[Work to be completed]: Counting task for the data below: how many lines hold the word "View"? Answer with the number only.
────────────────────
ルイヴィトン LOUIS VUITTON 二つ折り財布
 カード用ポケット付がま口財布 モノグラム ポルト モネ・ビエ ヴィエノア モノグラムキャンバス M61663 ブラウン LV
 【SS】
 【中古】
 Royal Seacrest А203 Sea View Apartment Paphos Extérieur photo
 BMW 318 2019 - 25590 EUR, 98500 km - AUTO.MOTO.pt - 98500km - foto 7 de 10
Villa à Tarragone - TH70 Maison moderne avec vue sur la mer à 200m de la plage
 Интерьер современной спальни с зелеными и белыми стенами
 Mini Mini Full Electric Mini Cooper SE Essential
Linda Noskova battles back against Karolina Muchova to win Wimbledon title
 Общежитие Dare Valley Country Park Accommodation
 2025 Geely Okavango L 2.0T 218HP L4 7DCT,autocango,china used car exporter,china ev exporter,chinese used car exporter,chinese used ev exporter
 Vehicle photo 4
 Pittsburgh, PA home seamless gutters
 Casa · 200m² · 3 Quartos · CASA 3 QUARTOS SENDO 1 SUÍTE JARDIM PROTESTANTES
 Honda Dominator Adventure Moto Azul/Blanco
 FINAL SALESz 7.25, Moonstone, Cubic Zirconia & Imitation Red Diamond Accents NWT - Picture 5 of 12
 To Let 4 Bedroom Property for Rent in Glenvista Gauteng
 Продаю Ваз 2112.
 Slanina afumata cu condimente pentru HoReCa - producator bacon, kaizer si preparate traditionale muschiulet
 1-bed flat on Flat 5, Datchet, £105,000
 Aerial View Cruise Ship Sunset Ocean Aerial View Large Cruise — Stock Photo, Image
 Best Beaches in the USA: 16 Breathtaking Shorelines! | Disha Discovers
────────────────────
[Your response]: 2